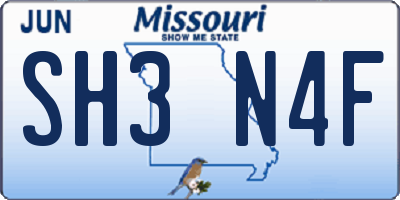 MO license plate SH3N4F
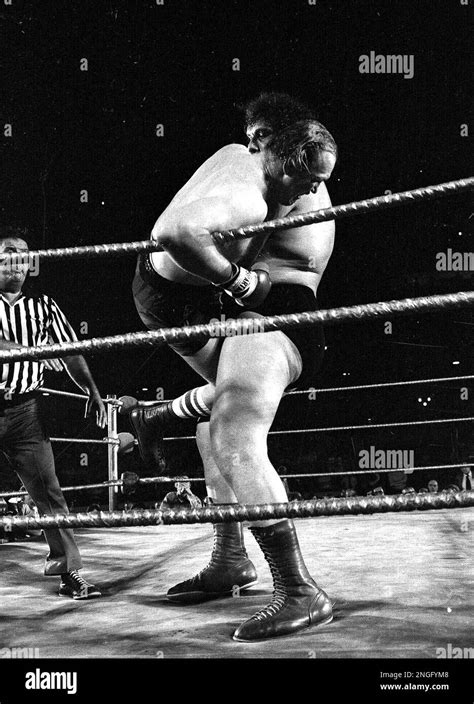 Professional wrestler Andre the Giant tosses heavyweight contender ...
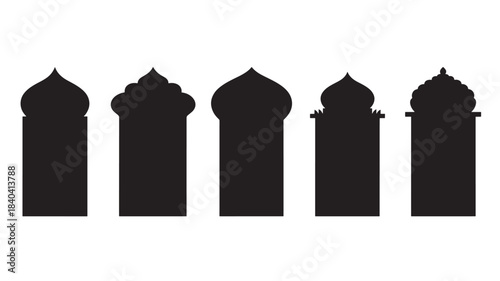 a collection of five distinct black silhouettes of ornate indian or middle eastern architecture on transparent background high quality professional detailed modern elegant stylish clean crisp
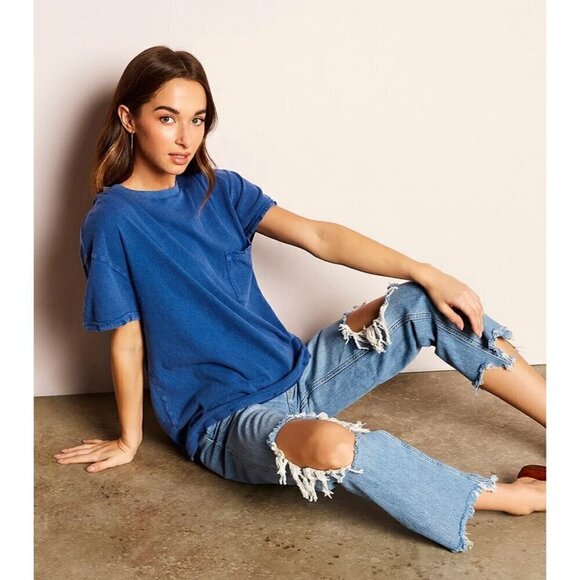 FREE PEOPLE Maggie Straight Leg Mid Rise Distressed Denim Jeans in Blue US 28 - Picture 14 of 14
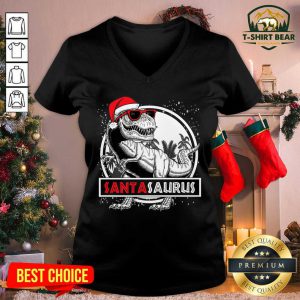 Santasaurus Dinosaur Christmas V-neck - Design by T-shirtbear.com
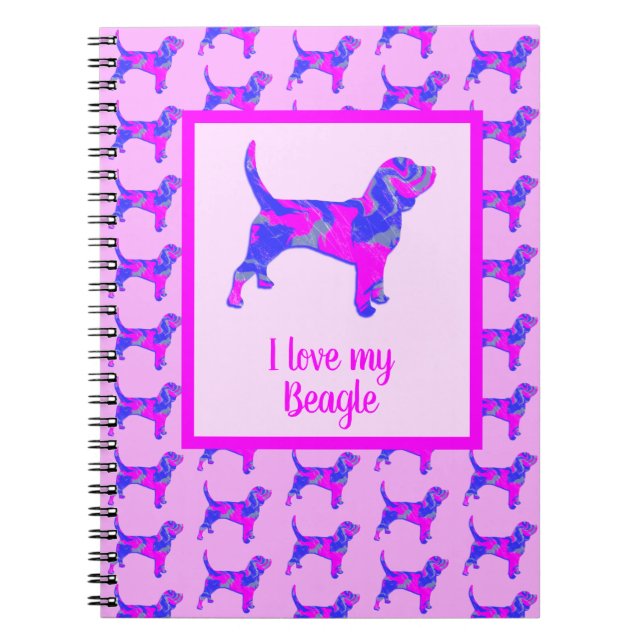 Beagle Hounds Hund Lover Pink & Blue Silhouette Notizblock (Vorderseite)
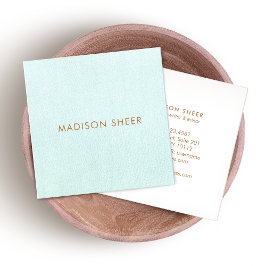 Enkelt, lätt turkos blått, minimalistisk Snyggt Fyrkantigt Visitkort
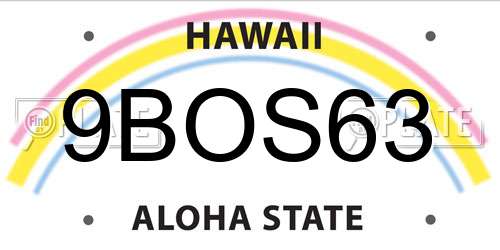 9BOS63 Hawaii License Plate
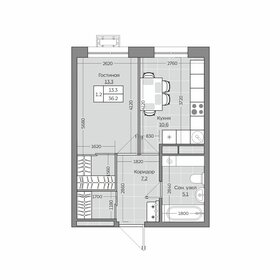 Квартира 36,3 м², 1-комнатная - изображение 1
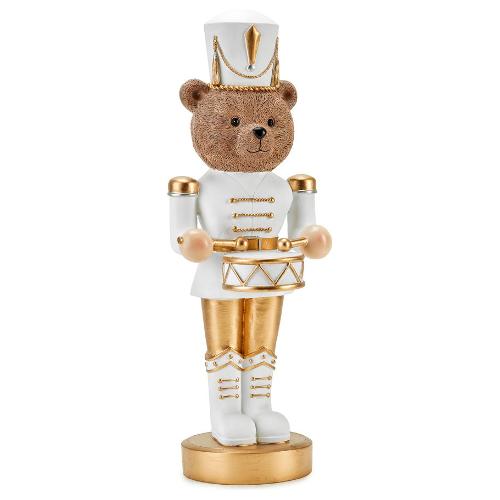 Fade Decoro XMAS CAROUSEL Orsetto Teddy in resina Bianco e Oro (40 cm) 57706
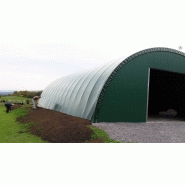 Tunnel de stockage ouvert - ancrage au sol avec platine - largeur 6 à 10m - bâche camion 670g/m²_1
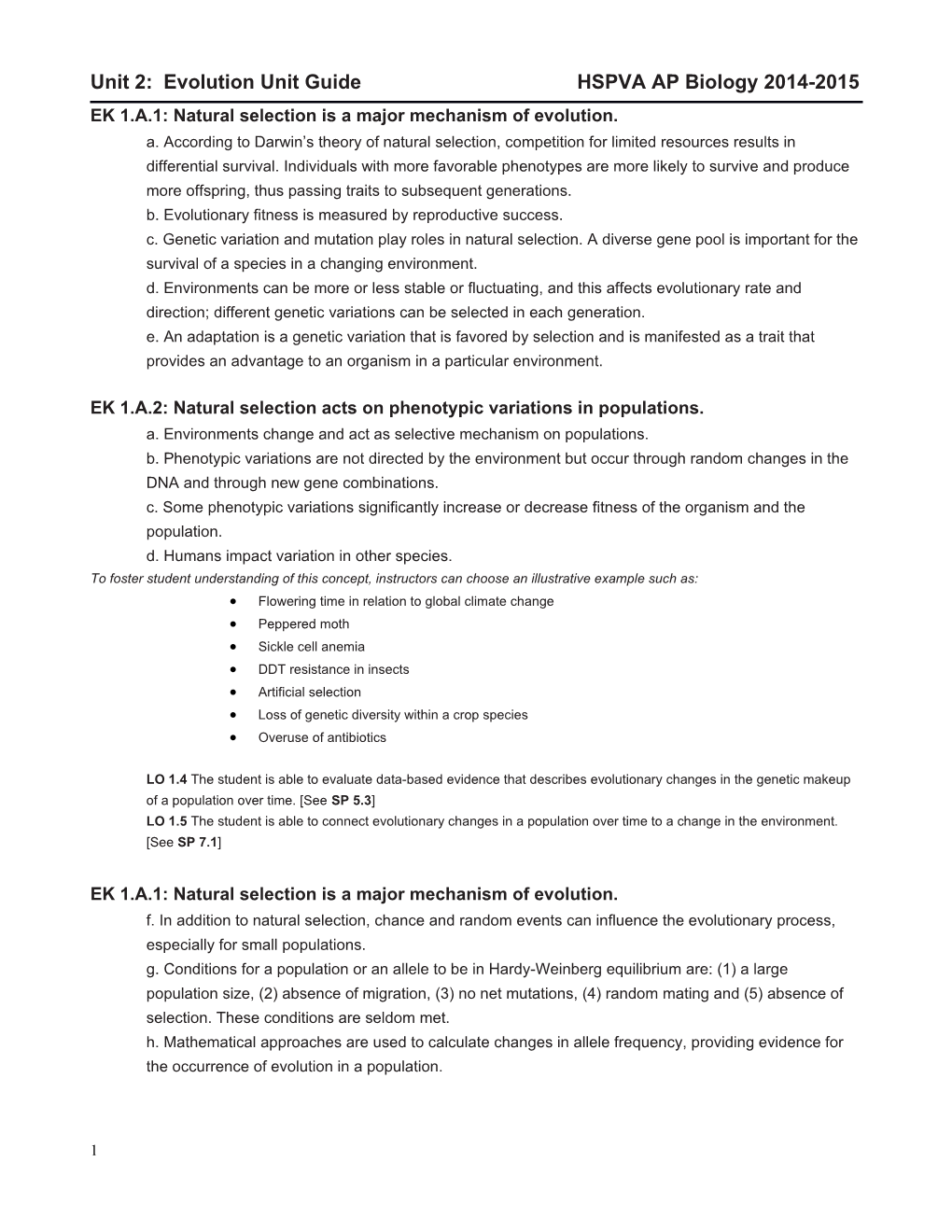 Unit 2: Evolution Unit Guide HSPVA AP Biology 2014-2015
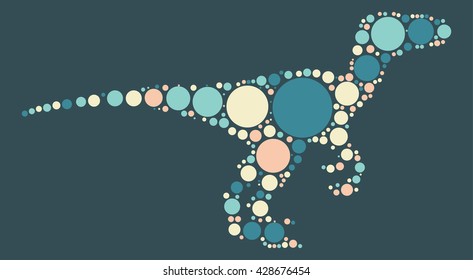 dinosaur shape design by color point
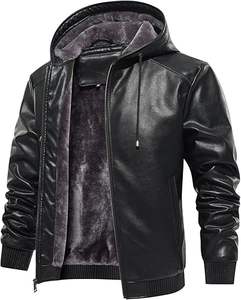 Chaqueta de Cuero con Capucha y Cremallera para Motocicleta, Gruesa, Informal, Versátil, Transpirable, para Hombre, de Invierno, de Alta Calidad GLOBAL EDGE - Product Image 2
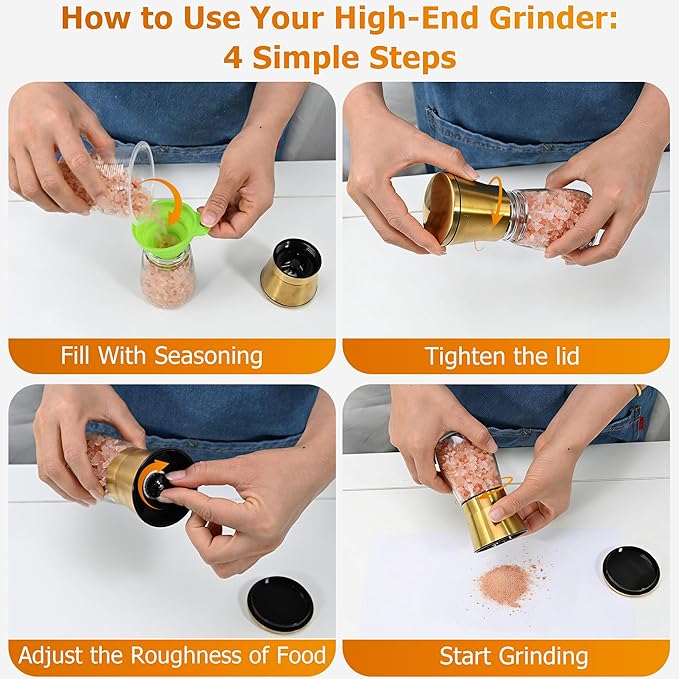 R DRURLCD Short Manual Gold Salt and Pepper Grinder Set of 2 - Image 5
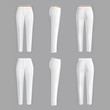 Vector realistic white trousers for women isolated on gray background. Formal, straight female pants 3d illustration. Two models, clean and ironed, with belt and without it. Mockup for your design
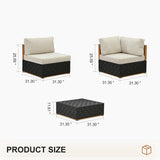 PURPLE LEAF Griffin L-shaped Patio Conversation Set Black with Cushion Pillows Ottoman and Premium Leather for Patio Balcony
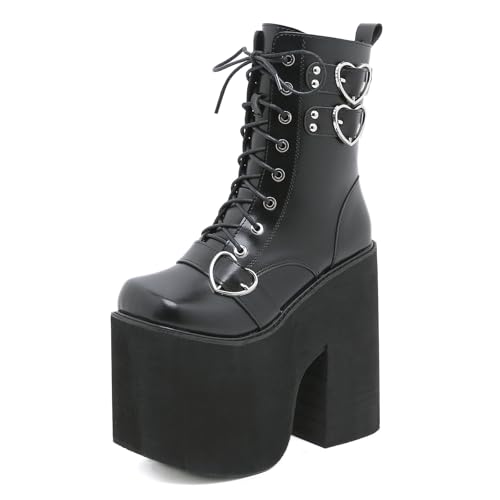 LRMYMHY Damen Schwarz Schnürschuhe Goth Plateau Stiefel High Chunky Block Heel Knöchel Gothic Kampfstiefel Runde Zehe Reißverschluss Punk Kurze Stiefeletten,Schwarz,36 EU von LRMYMHY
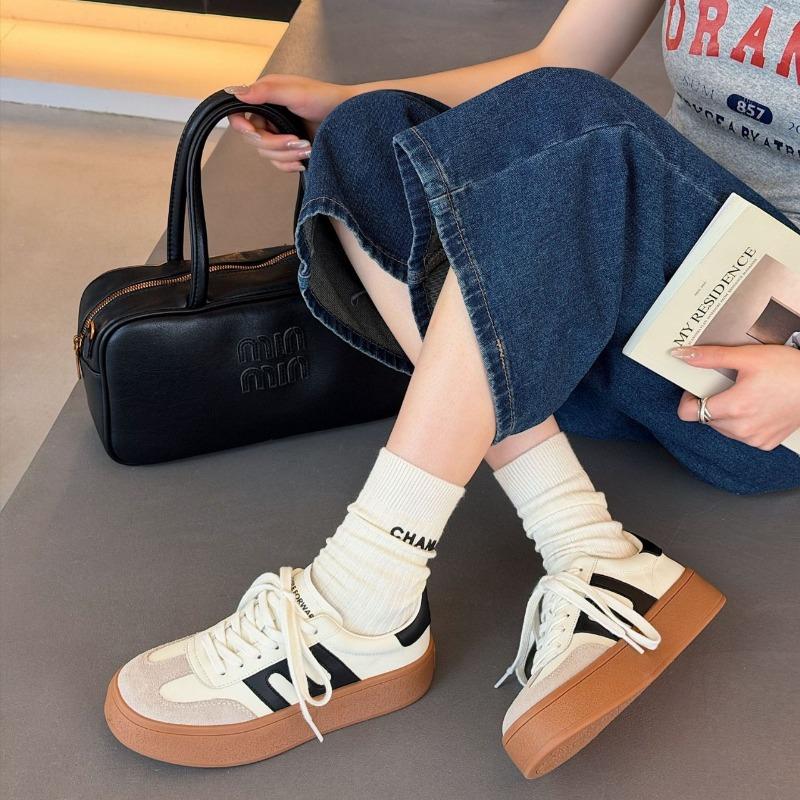2 Spring new flat heel platform sports casual versatile comfortable women's shoes heightening board shoes white shoes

○ ○ ○

## [What is needed]
The line holding "Fade Decoro XMAS" starts the copy and the line holding "R DRURLCD Short" ends it. Repeat those two lines above and all between them exactly, leaving out pictures.

## [Exercise solution]
 Fade Decoro XMAS CAROUSEL Orsetto Teddy in resina Bianco e Oro (40 cm) 57706
 Tunnel de stockage ouvert - ancrage au sol avec platine - largeur 6 à 10m - bâche camion 670g/m²_1
 Unit 2: Evolution Unit Guide HSPVA AP Biology 2014-2015
 dinosaur shape design by color point
 Chaqueta de Cuero con Capucha y Cremallera para Motocicleta, Gruesa, Informal, Versátil, Transpirable, para Hombre, de Invierno, de Alta Calidad GLOBAL EDGE - Product Image 2
 R DRURLCD Short Manual Gold Salt and Pepper Grinder Set of 2 - Image 5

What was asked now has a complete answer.